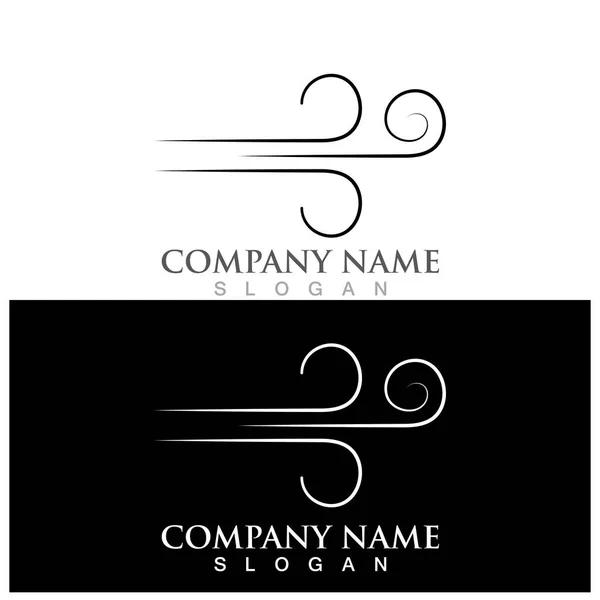 Wind Logo Icon Vector Illustration Template Design — Vetor de Stock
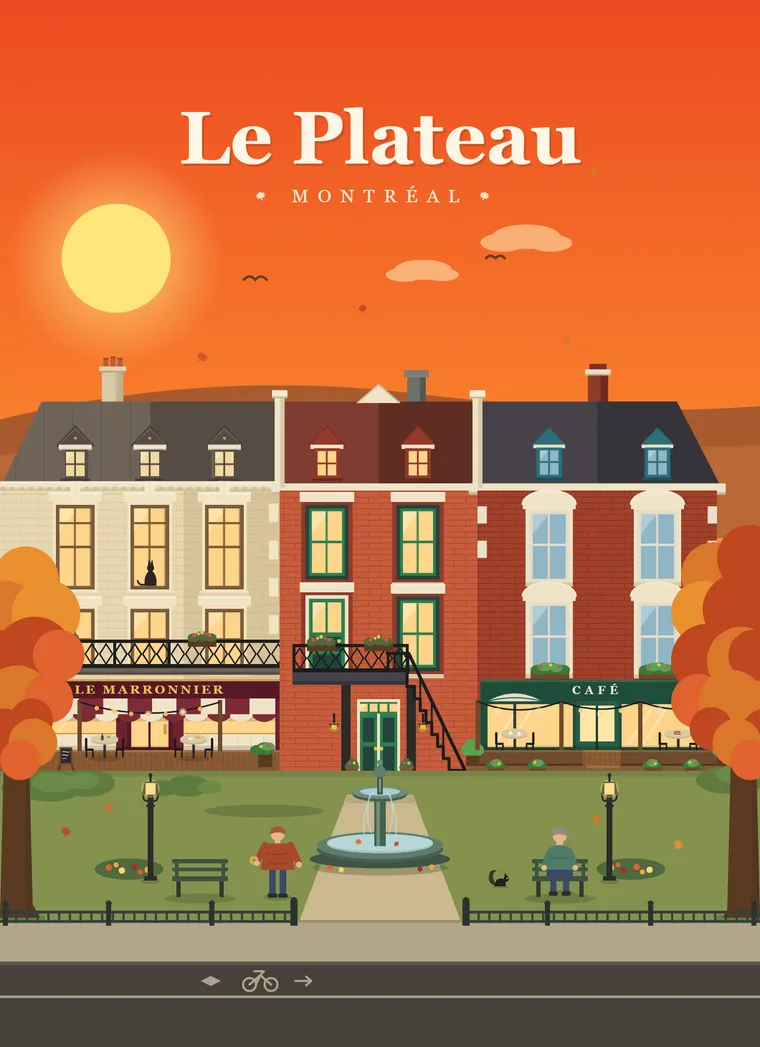 Affiche Klemstudio, Le Plateau en automne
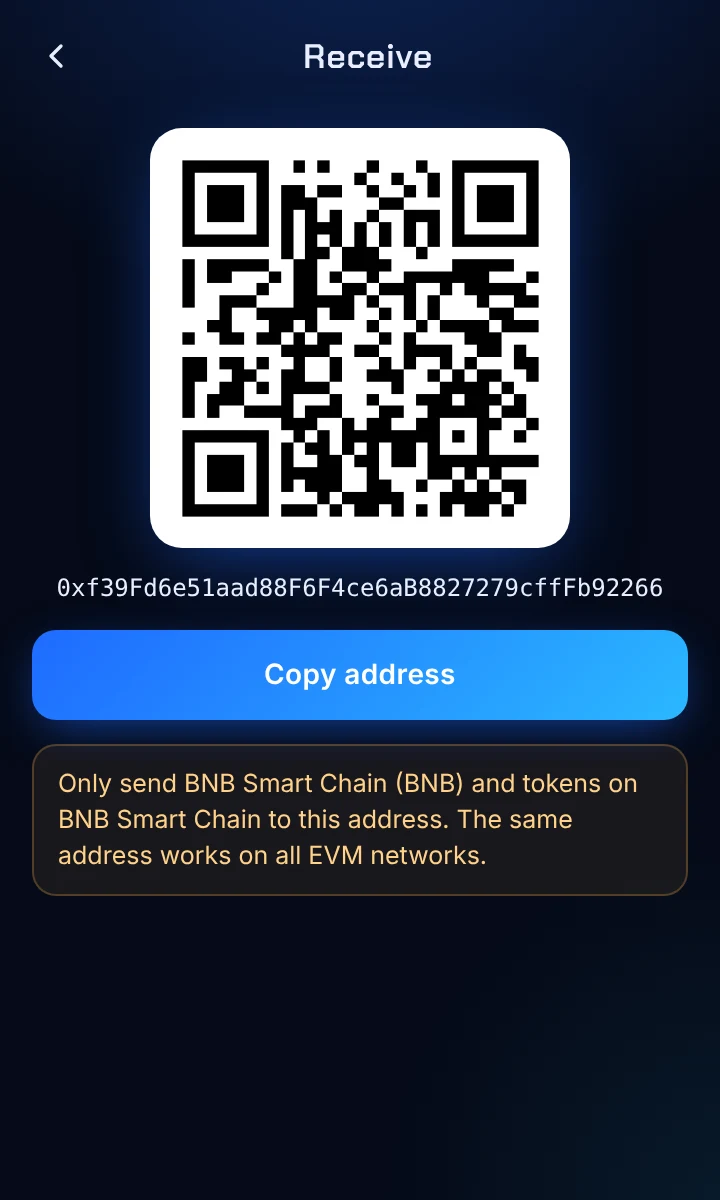 Receive with QR code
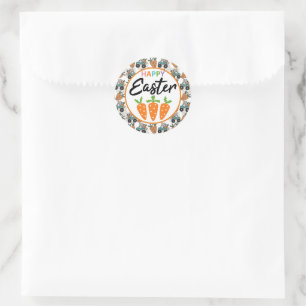 Happy Easter Carrots  Classic Round Sticker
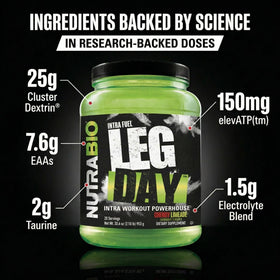 NutraBio Leg Day Poudre Intra-Workout 20 Portions Cerise Lime échantillon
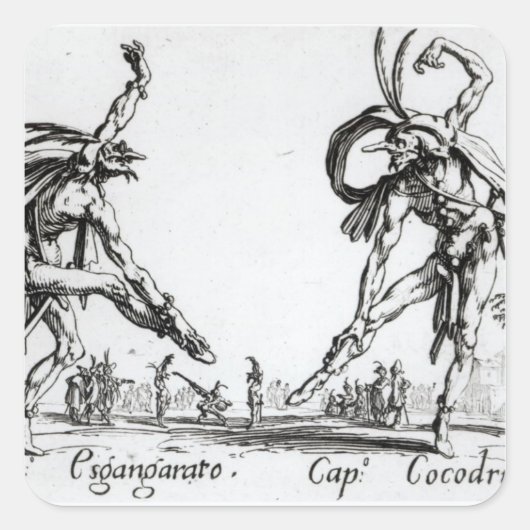 I Balli de Spessanei oder Le Grande Chasse Quadratischer Aufkleber (Vorderseite)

********

Brief: The lines from the one containing "Happy Easter Carrots" through the final line of the data are to be repeated exactly, with both ends included and all pictures left out.

Reply to the exercise:
 Happy Easter Carrots  Classic Round Sticker
 NutraBio Leg Day Poudre Intra-Workout 20 Portions Cerise Lime échantillon
 I Balli de Spessanei oder Le Grande Chasse Quadratischer Aufkleber (Vorderseite)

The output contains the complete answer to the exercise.